Rabies pada manusia itu disebabkan oleh 98 persen akibat gigitan anjing. ”Rabies sebenarnya bisa dicegah dengan vaksinasi, yaitu vaksinasi pada anjing, bukan manusianya. Kalau vaksinasi atau serum pada manusianya kalau sudah terjadi penularan melalui gigitan, itu untuk pengobatan,” katanya.

Tri menilai, upaya pencegahan rabies ini belum serius dilakukan. ”Pemerintah pusat dan daerah tak bisa menyediakan vaksin rabies yang memadai untuk anjing. Apalagi, kini pemerintah indikasinya mulai tidak peduli. Dosis vaksin rabies yang disediakan tahun ini saja amat kecil, di bawah 200.000 dosis bagi seluruh Indonesia,” tuturnya.

DOKUMEN DINAS PERTANIAN DAN PETERNAKAN SIKKA

Penyuntikan vaksin rabies pada anjing di Desa Wuring, Kecamatan Alok Barat, Sikka, Nusa Tenggara Timur, Selasa (18/4/2023). Dinas Pertanian dan Peternakan Sikka secara masif memberikan vaksin rabies pada anjing peliharaan warga. Namun, masih ada sebagian warga yang menolak anjingnya divaksin.

Padahal, jumlah anjing di Indonesia sangat besar, khususnya di daerah dengan tingkat kepadatan penduduk tinggi, seperti NTT dan Bali. Di Kabupaten Sikka, misalnya, terdapat 55.000 anjing sehingga alokasi vaksin rabies amat tak memadai. ”Sebenarnya perangkat untuk mengatasinya ada, tetapi perhatian dan keseriusan untuk mengatasinya tidak ada,” katanya.

Sementara penyakit antraks, lanjut Tri, sangat sulit dihilangkan karena sporanya bisa bertahan puluhan tahun. ”Di negara lain, membuat pemetaan daerah endemik antraks yang bisa berulang. Kembali, yang bisa dilakukan adalah pencegahan melalui vaksinasi pada hewan. Dengan vaksinasi ini, hewan yang makan rumput tercemar spora antraks ini bisa kebal,” ujarnya.

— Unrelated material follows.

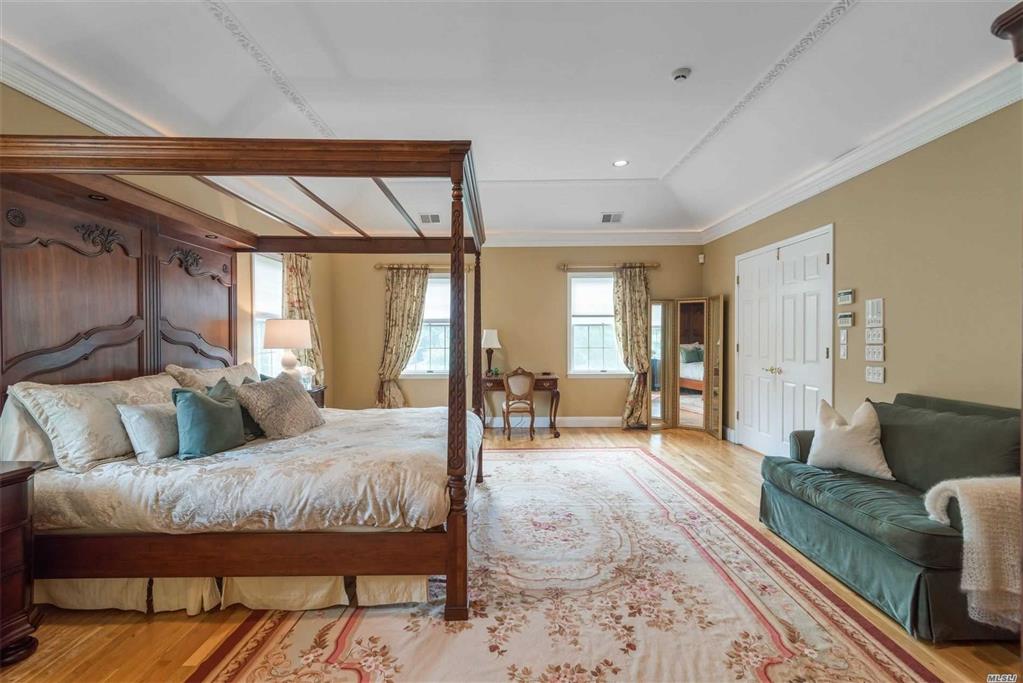41 Windsor Dr Muttontown Muttontown NY 11753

KOMPAS/FERGANATA INDRA RIATMOKO

Tim Reaksi Cepat Badan Penanggulangan Bencana Daerah Gunungkidul menyemprotkan cairan untuk mengurangi risiko penyebaran antraks di areal permukiman warga di Dusun Jati, Candirejo, Semanu, Gunungkidul, DI Yogyakarta, Jumat (7/7/2023).

”Dalam kasus antraks, misalnya, ada survei instansi kesehatan sendiri, lalu survei instansi pertanian dan peternakan. Ego sektoral masih terjadi dan ini sulit untuk One Health,” ujarnya.